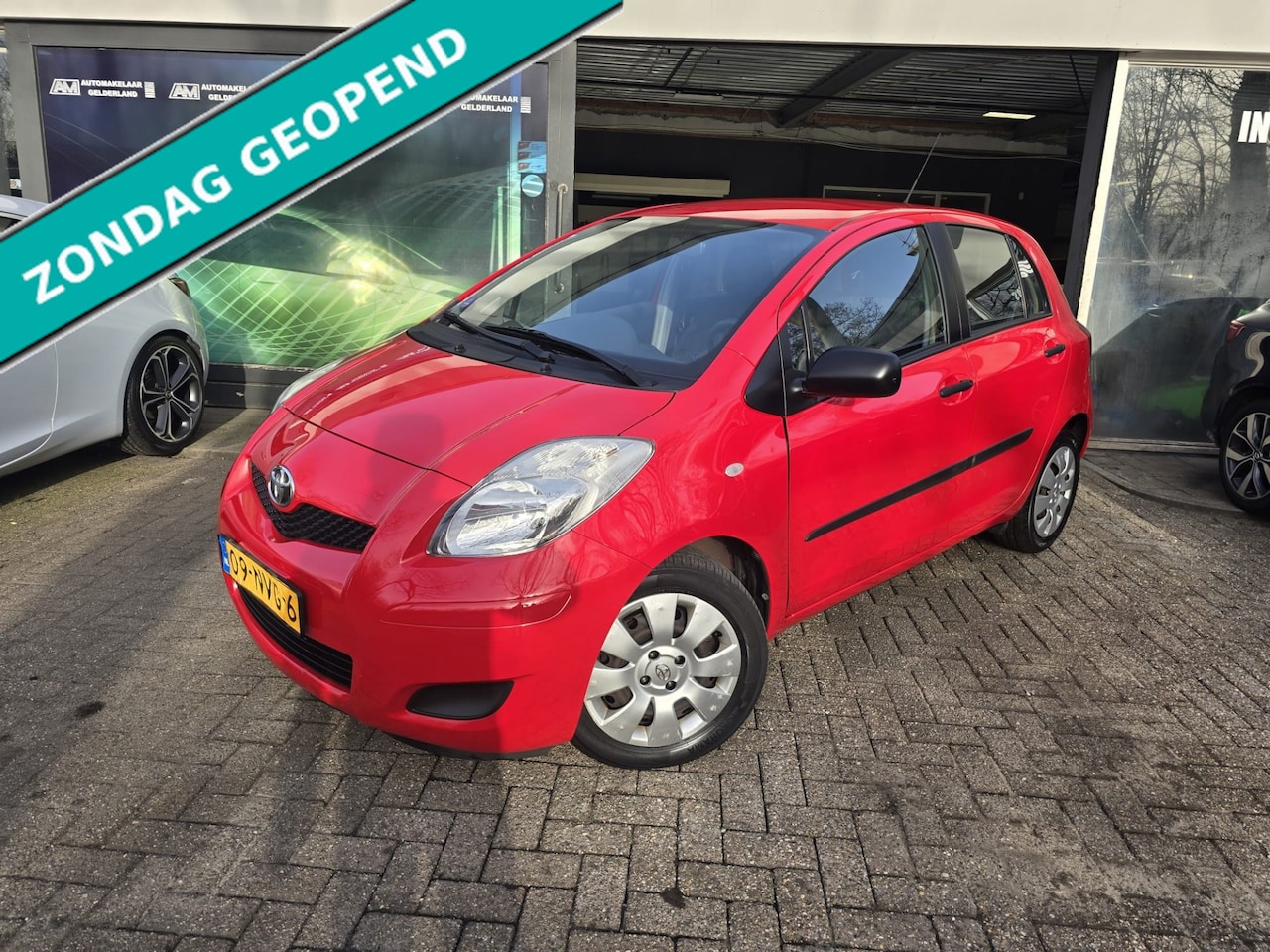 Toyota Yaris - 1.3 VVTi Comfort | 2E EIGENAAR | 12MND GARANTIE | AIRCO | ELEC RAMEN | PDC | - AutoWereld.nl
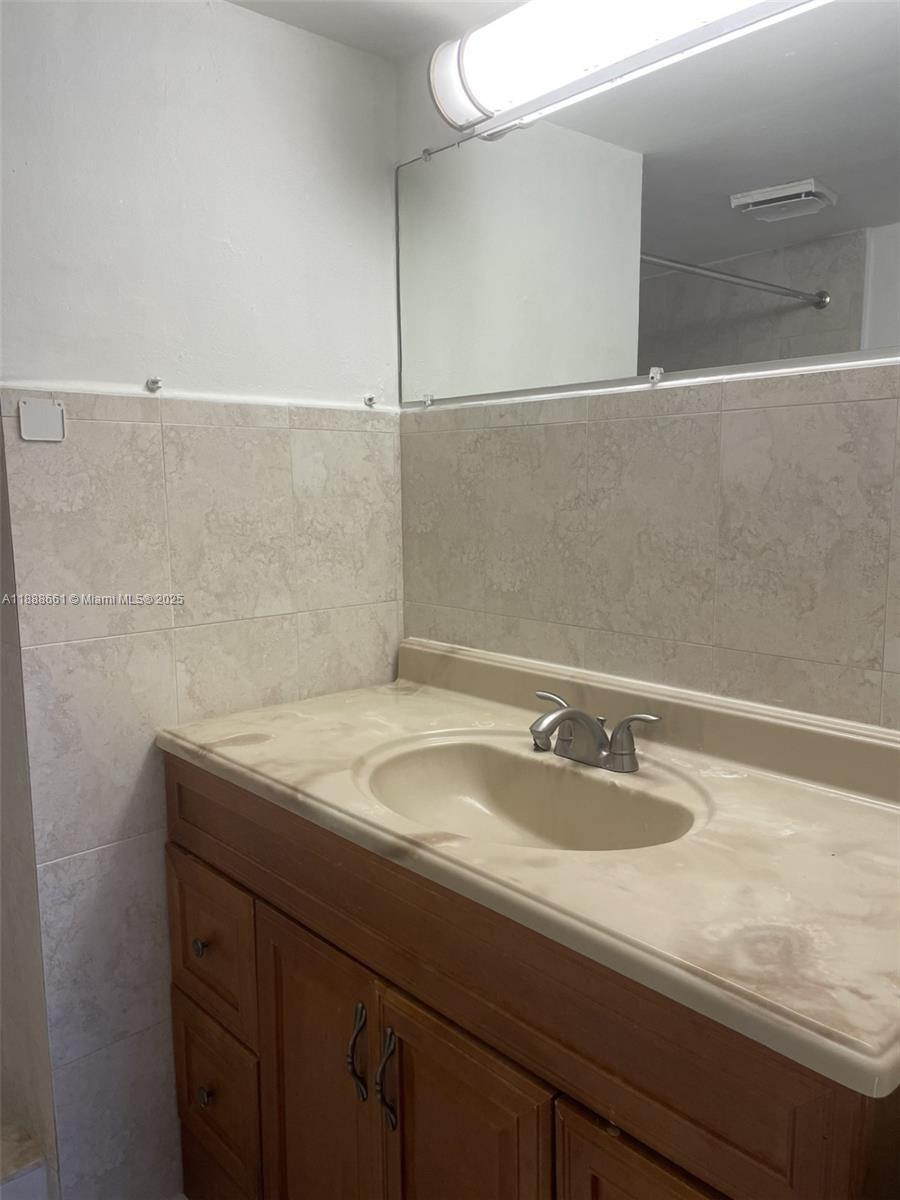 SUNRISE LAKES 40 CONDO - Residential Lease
------------
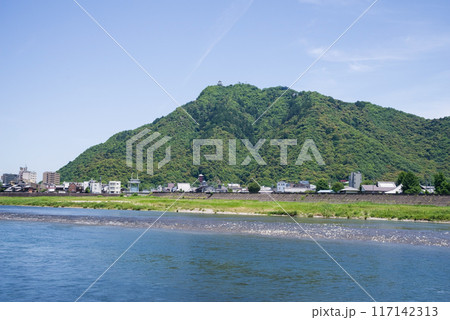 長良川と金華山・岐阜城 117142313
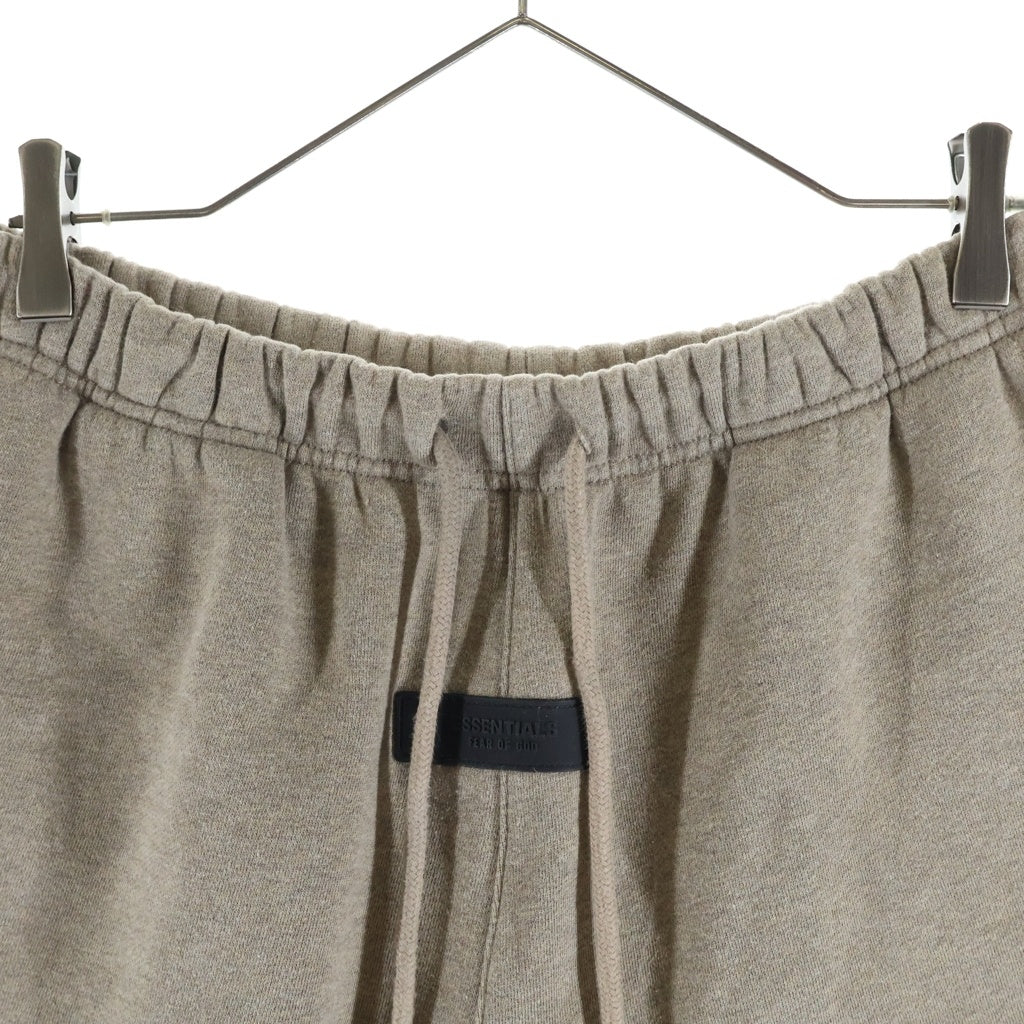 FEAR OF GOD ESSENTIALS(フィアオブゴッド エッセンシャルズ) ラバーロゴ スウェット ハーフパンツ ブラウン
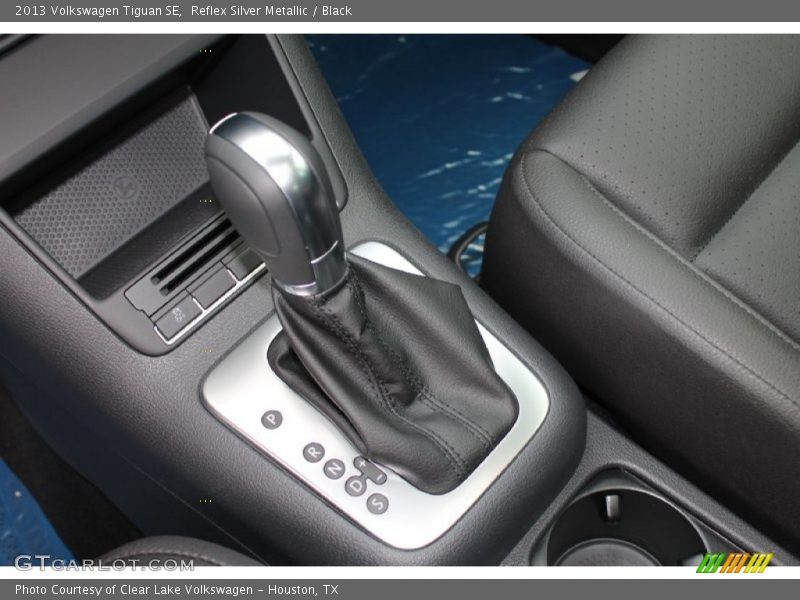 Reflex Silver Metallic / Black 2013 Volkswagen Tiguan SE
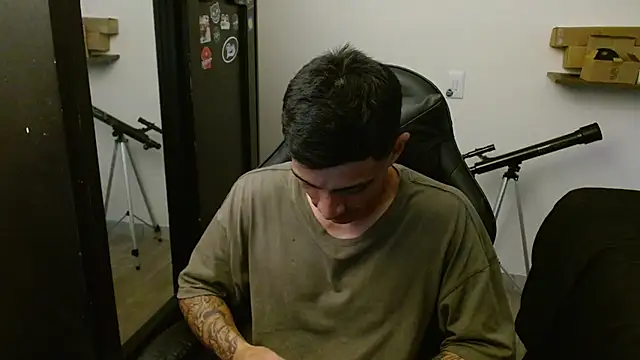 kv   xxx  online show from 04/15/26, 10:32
------------
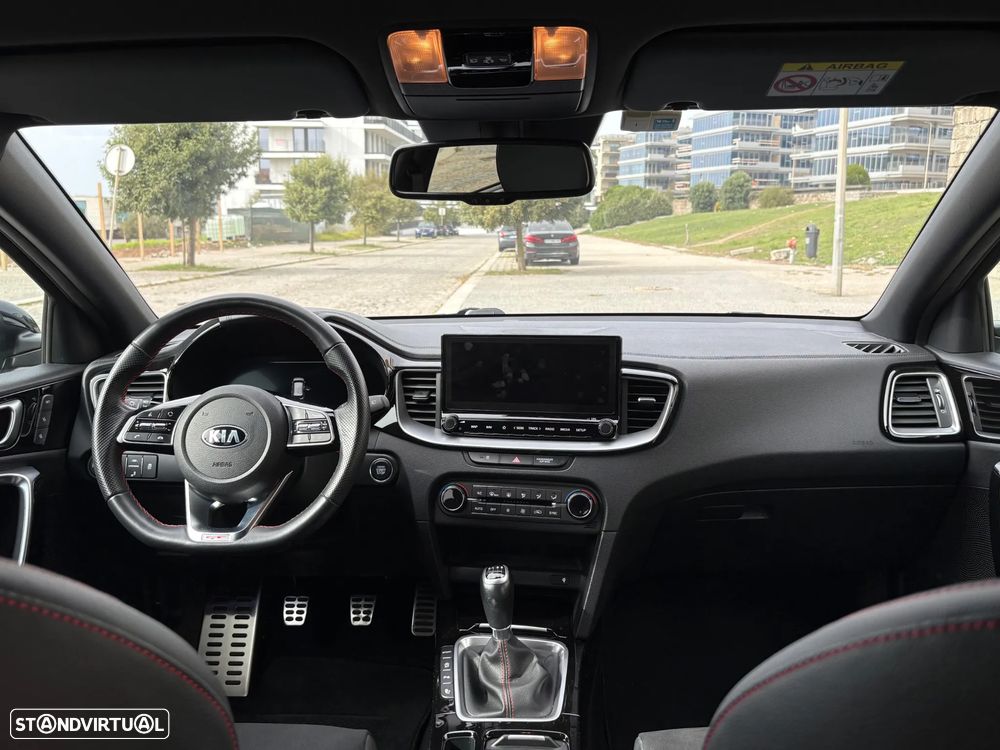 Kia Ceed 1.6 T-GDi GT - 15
------------
### What needs to be done
Please repeat, exactly as written, the lines in the records above, starting with the one that has "Toyota Yaris - 1.3" and going on through the one that has "SUNRISE LAKES 40 CONDO - Residential Lease". Pictures are to be left out.

### Response
 Toyota Yaris - 1.3 VVTi Comfort | 2E EIGENAAR | 12MND GARANTIE | AIRCO | ELEC RAMEN | PDC | - AutoWereld.nl
 SUNRISE LAKES 40 CONDO - Residential Lease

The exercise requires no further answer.